» **Activity**: Go through the listing below, and from the line containing "Polished Labradorite Standing" through its last line, transcribe every line exactly, skipping pictures.

- - -

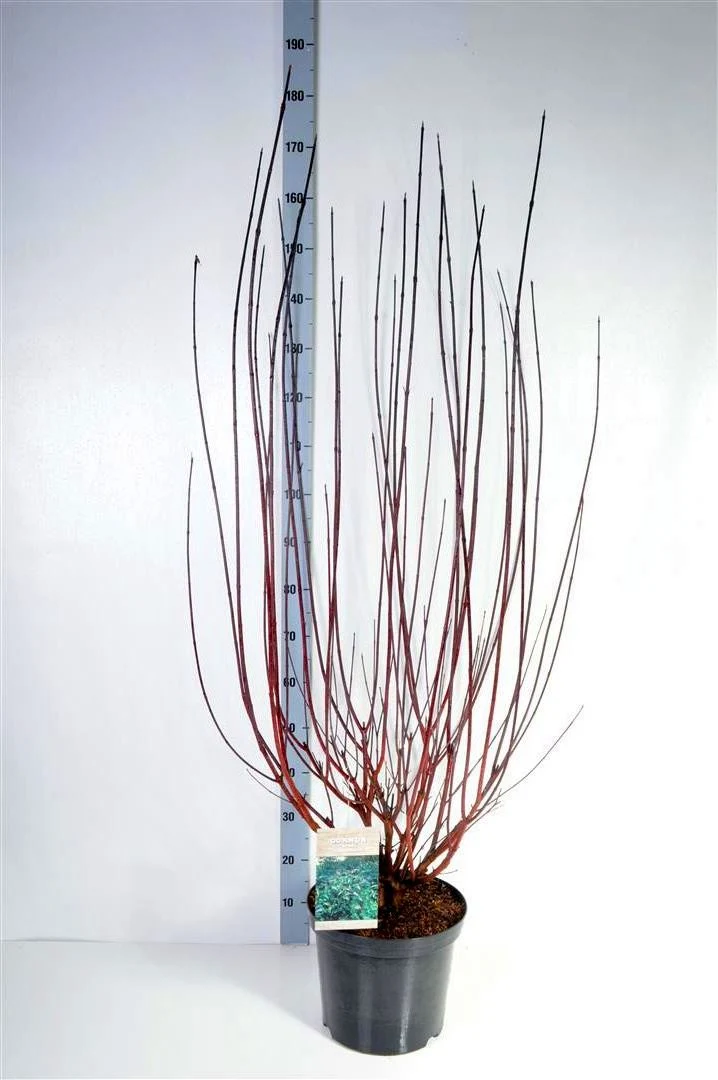 Cornus alba 'Kesselringii' 100-125 cm, C12 (12 liters kruka)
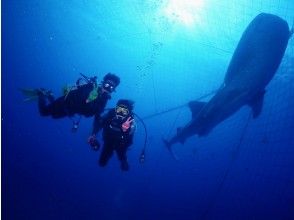 プランの魅力 High cheese with sea creatures ♪ の画像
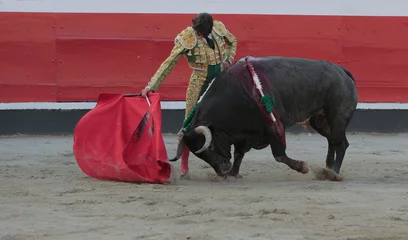 Fotobehang Torero toreando en la plaza de toros © Valeniker
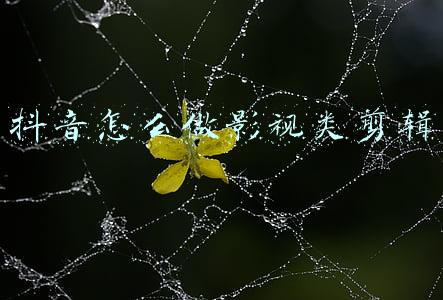 采访类视频怎么剪辑(做自媒体怎么制作短视频？4步带你玩转自媒体影视解说评论)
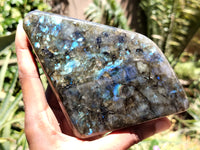 Polished Labradorite Standing Free Forms x 3 From Tulear, Madagascar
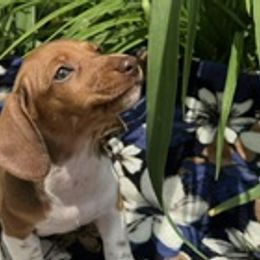 Dachshunds and English Toy Spaniels from Draggonfly Manor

- - -

» **Output**:
 Polished Labradorite Standing Free Forms x 3 From Tulear, Madagascar
 Dachshunds and English Toy Spaniels from Draggonfly Manor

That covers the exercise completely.